(Given entries Opens)

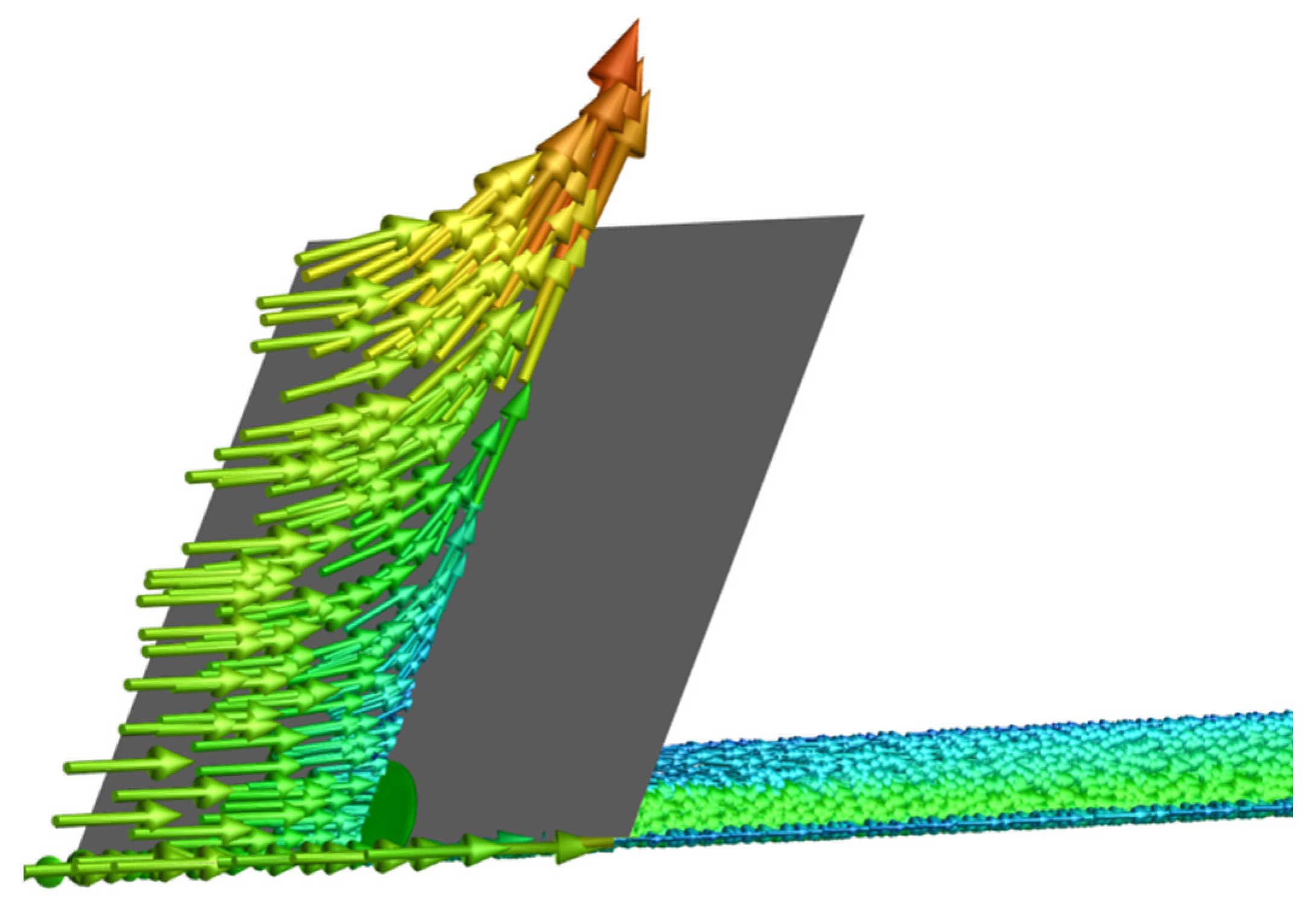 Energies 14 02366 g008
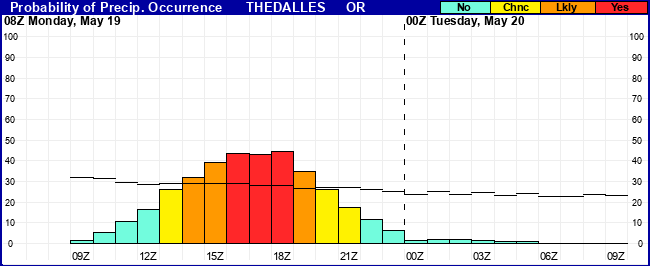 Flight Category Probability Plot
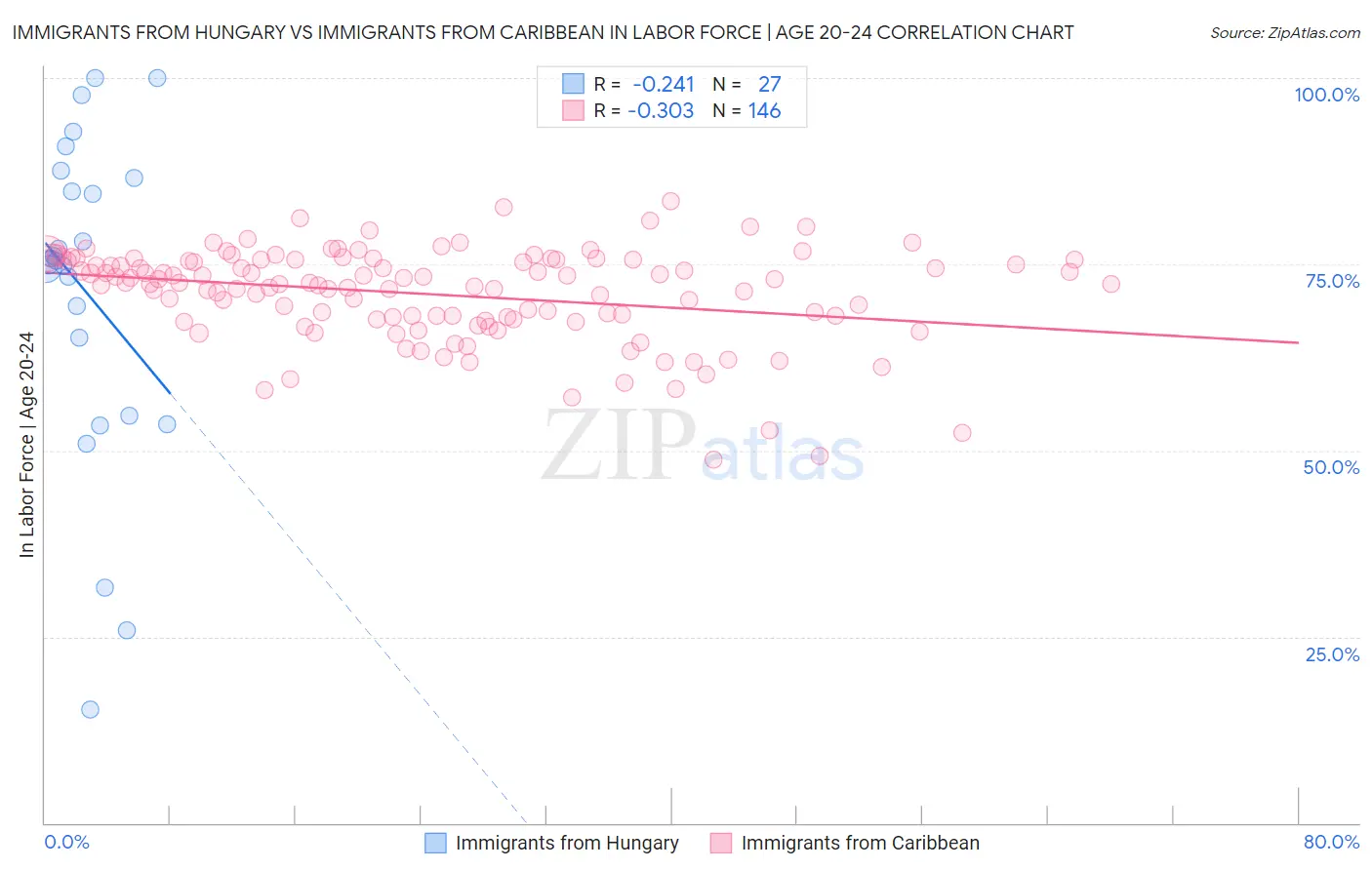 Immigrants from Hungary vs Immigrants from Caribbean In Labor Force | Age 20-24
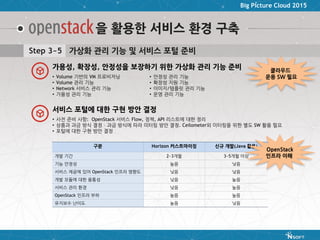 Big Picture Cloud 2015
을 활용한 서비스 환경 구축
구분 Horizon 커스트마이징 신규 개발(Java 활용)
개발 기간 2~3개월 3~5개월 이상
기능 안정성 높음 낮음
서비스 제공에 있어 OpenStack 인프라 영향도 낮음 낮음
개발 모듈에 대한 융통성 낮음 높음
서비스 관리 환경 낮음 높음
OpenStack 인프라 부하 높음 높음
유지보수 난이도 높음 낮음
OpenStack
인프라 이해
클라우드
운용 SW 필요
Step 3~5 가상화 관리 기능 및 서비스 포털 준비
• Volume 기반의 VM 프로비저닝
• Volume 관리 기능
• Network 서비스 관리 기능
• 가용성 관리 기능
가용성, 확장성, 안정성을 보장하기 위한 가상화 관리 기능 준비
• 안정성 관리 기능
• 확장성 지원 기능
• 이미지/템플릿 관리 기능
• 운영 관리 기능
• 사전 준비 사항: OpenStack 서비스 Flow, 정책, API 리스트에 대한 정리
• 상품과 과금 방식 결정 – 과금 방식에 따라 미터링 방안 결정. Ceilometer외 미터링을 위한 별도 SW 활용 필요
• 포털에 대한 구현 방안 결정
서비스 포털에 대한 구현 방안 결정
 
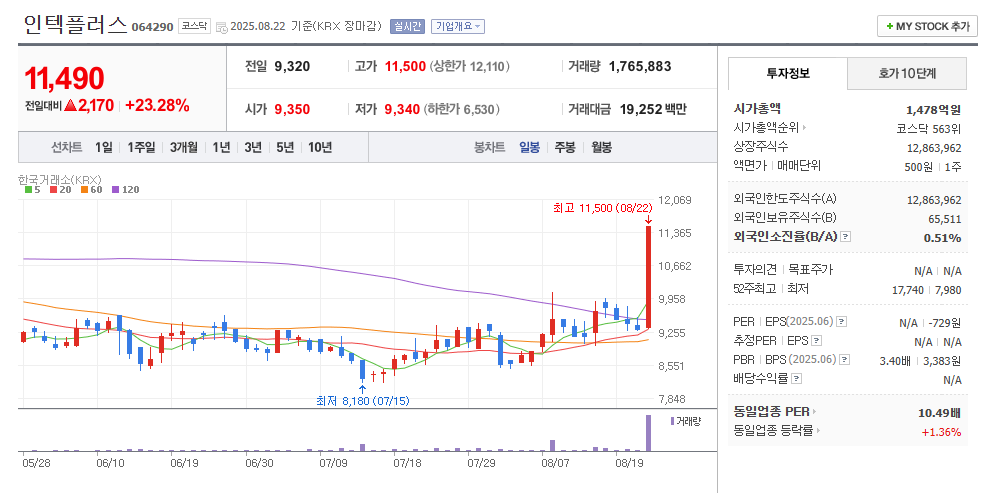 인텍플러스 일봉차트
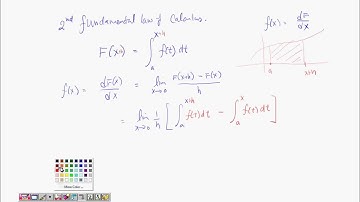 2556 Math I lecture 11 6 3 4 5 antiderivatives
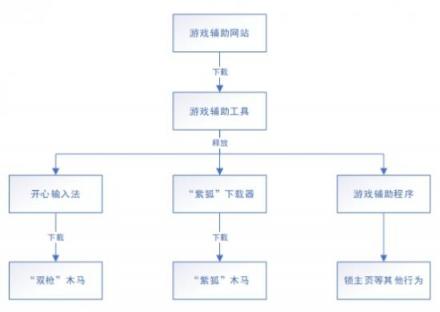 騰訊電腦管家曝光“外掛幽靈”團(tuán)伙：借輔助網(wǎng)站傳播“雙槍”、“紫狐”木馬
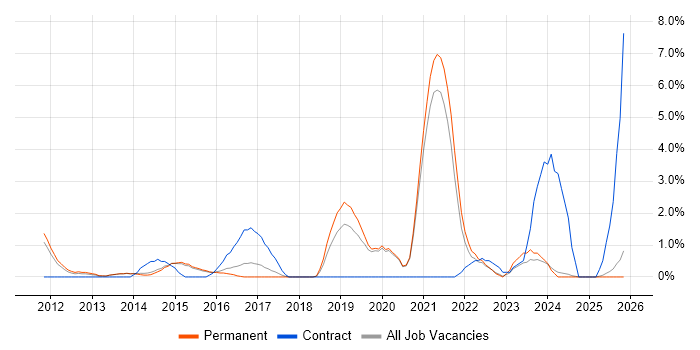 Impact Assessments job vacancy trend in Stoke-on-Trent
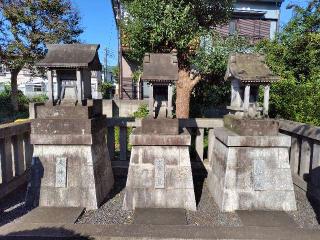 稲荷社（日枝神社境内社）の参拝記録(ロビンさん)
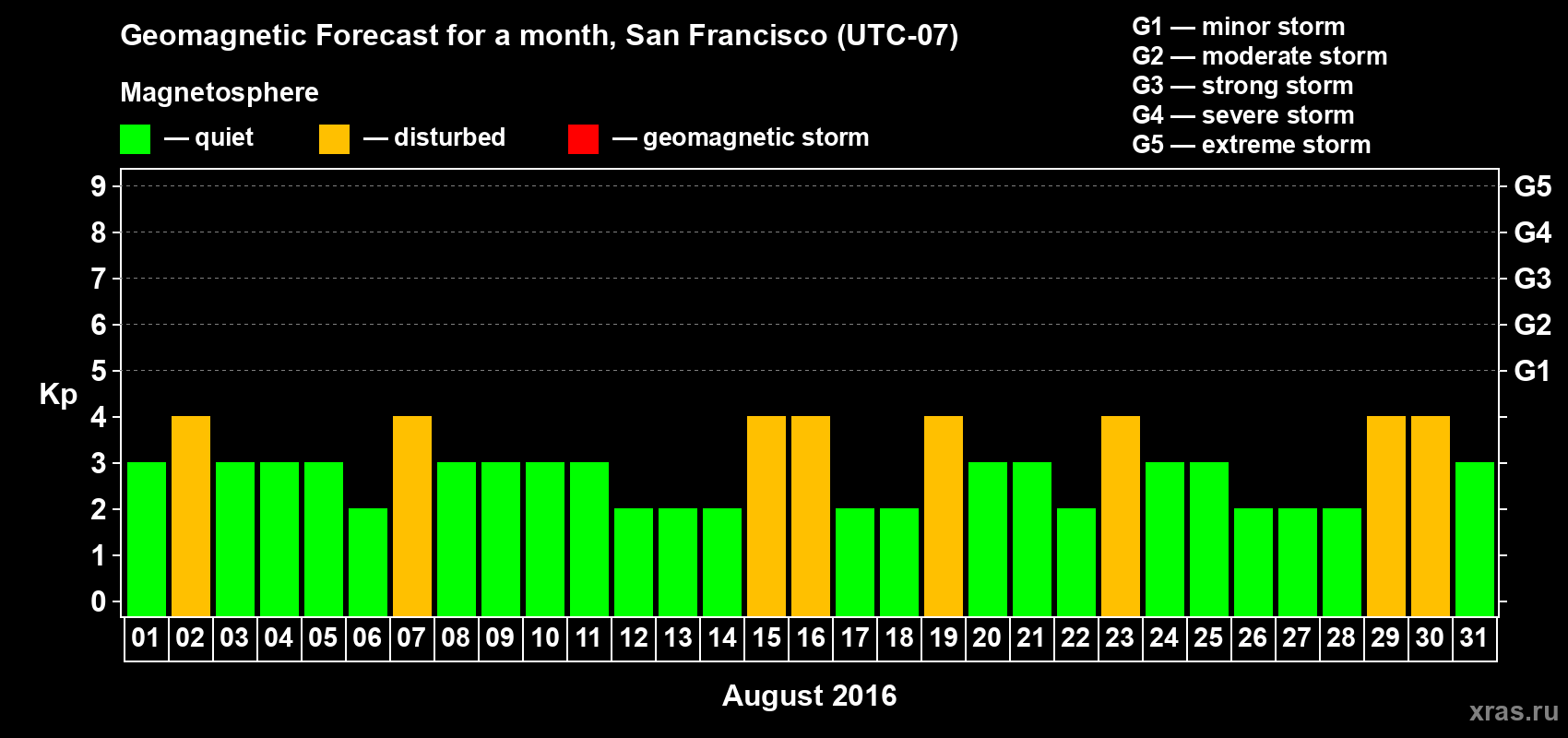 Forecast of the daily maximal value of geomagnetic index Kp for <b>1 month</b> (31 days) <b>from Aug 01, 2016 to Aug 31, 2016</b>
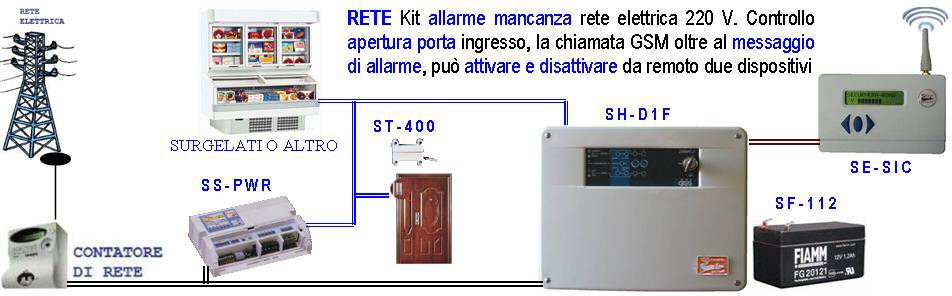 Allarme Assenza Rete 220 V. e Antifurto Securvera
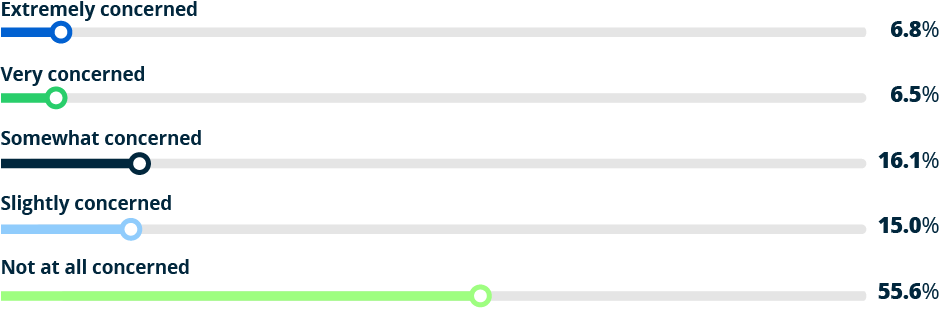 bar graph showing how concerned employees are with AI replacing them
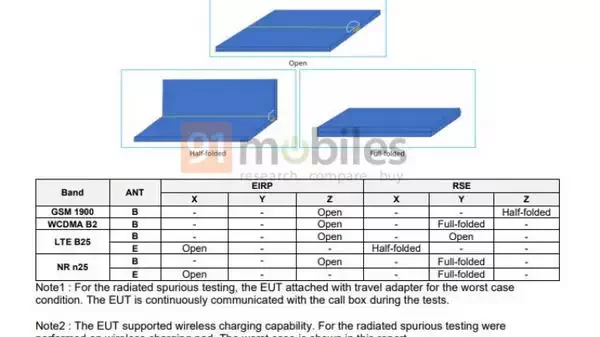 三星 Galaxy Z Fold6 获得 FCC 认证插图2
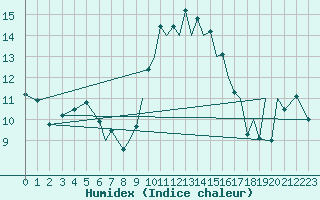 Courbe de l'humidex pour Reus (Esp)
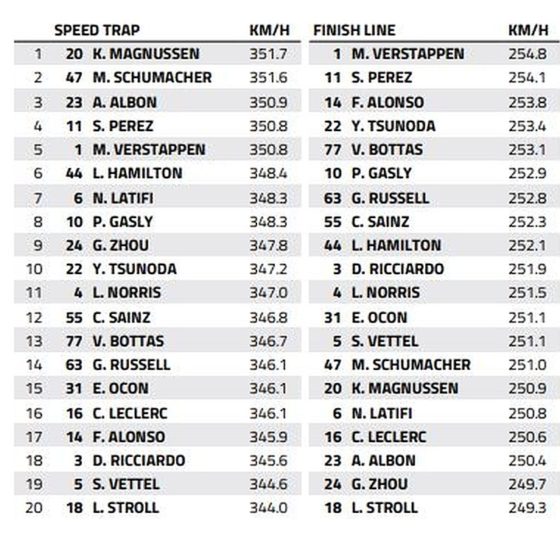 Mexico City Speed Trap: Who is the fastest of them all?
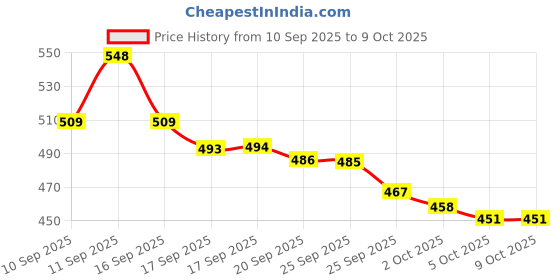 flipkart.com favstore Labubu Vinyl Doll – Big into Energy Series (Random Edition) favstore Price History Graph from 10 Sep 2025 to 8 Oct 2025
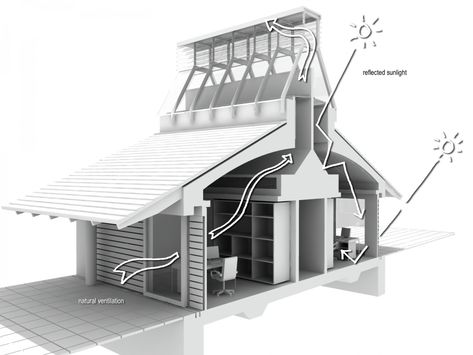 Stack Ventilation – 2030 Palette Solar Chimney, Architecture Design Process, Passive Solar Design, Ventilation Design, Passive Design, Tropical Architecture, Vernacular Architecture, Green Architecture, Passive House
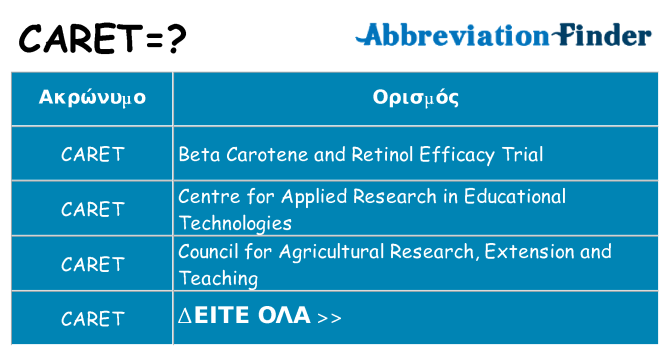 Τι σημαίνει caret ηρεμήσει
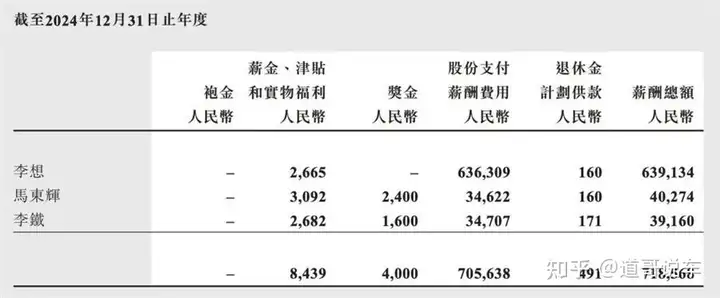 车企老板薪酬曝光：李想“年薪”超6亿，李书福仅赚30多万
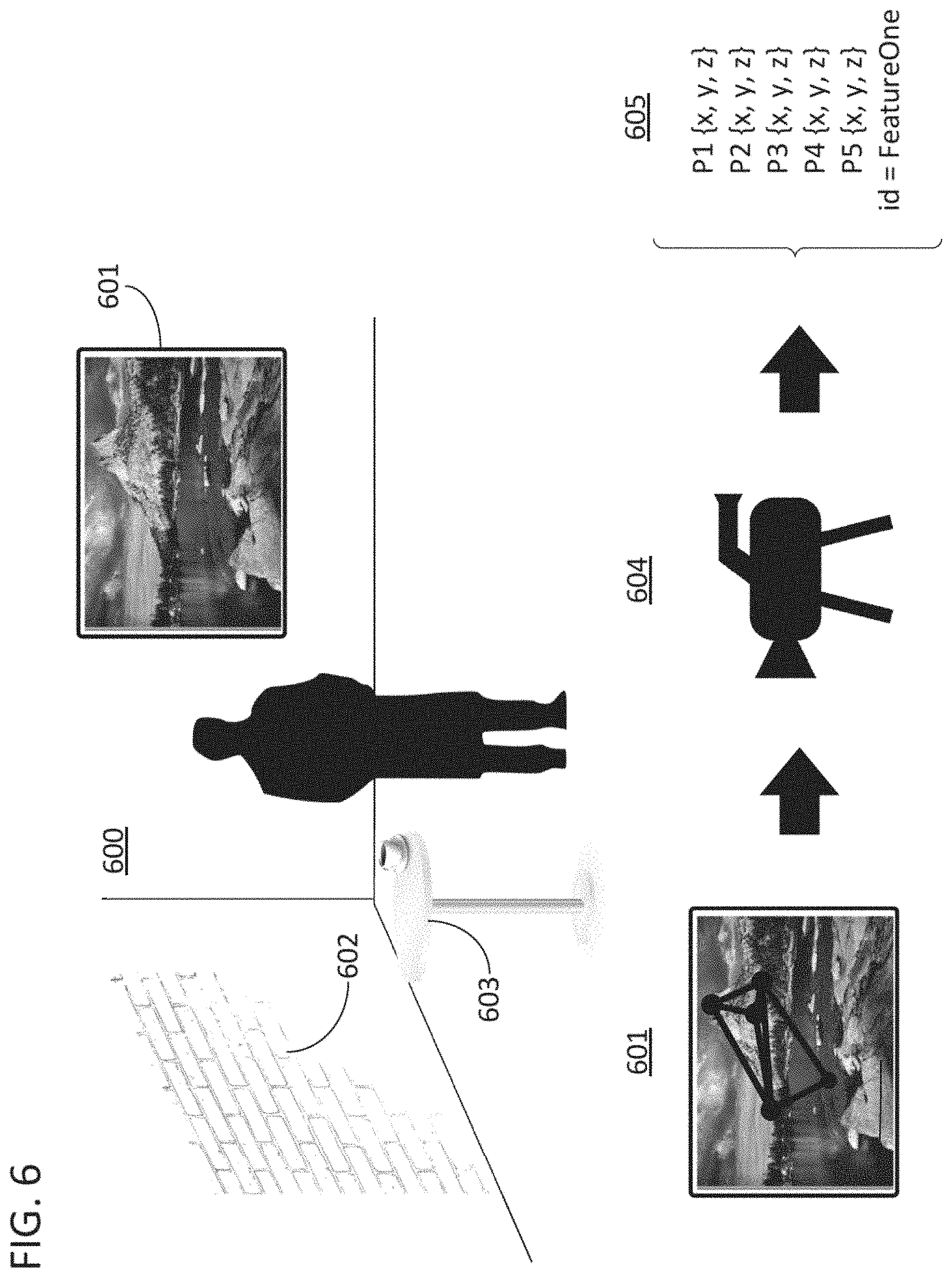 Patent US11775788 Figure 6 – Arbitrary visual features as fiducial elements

(Given entries Closes)

The data is to be printed again exactly, but without its pictures.

 Energies 14 02366 g008
 Flight Category Probability Plot
 Immigrants from Hungary vs Immigrants from Caribbean In Labor Force | Age 20-24
 Big Picture Cloud 2015
을 활용한 서비스 환경 구축
구분 Horizon 커스트마이징 신규 개발(Java 활용)
개발 기간 2~3개월 3~5개월 이상
기능 안정성 높음 낮음
서비스 제공에 있어 OpenStack 인프라 영향도 낮음 낮음
개발 모듈에 대한 융통성 낮음 높음
서비스 관리 환경 낮음 높음
OpenStack 인프라 부하 높음 높음
유지보수 난이도 높음 낮음
OpenStack
인프라 이해
클라우드
운용 SW 필요
Step 3~5 가상화 관리 기능 및 서비스 포털 준비
• Volume 기반의 VM 프로비저닝
• Volume 관리 기능
• Network 서비스 관리 기능
• 가용성 관리 기능
가용성, 확장성, 안정성을 보장하기 위한 가상화 관리 기능 준비
• 안정성 관리 기능
• 확장성 지원 기능
• 이미지/템플릿 관리 기능
• 운영 관리 기능
• 사전 준비 사항: OpenStack 서비스 Flow, 정책, API 리스트에 대한 정리
• 상품과 과금 방식 결정 – 과금 방식에 따라 미터링 방안 결정. Ceilometer외 미터링을 위한 별도 SW 활용 필요
• 포털에 대한 구현 방안 결정
서비스 포털에 대한 구현 방안 결정
 
 인텍플러스 일봉차트
 2556 Math I lecture 11 6 3 4 5 antiderivatives
 騰訊電腦管家曝光“外掛幽靈”團(tuán)伙：借輔助網(wǎng)站傳播“雙槍”、“紫狐”木馬
 Impact Assessments job vacancy trend in Stoke-on-Trent
 稲荷社（日枝神社境内社）の参拝記録(ロビンさん)
 Forecast of the daily maximal value of geomagnetic index Kp for <b>1 month</b> (31 days) <b>from Aug 01, 2016 to Aug 31, 2016</b>
 Allarme Assenza Rete 220 V. e Antifurto Securvera
 bar graph showing how concerned employees are with AI replacing them
 三星 Galaxy Z Fold6 获得 FCC 认证插图2
 Courbe de l'humidex pour Reus (Esp)
 Mexico City Speed Trap: Who is the fastest of them all?
 flipkart.com favstore Labubu Vinyl Doll – Big into Energy Series (Random Edition) favstore Price History Graph from 10 Sep 2025 to 8 Oct 2025
 Stack Ventilation – 2030 Palette Solar Chimney, Architecture Design Process, Passive Solar Design, Ventilation Design, Passive Design, Tropical Architecture, Vernacular Architecture, Green Architecture, Passive House
 Τι σημαίνει caret ηρεμήσει
 车企老板薪酬曝光：李想“年薪”超6亿，李书福仅赚30多万
 Patent US11775788 Figure 6 – Arbitrary visual features as fiducial elements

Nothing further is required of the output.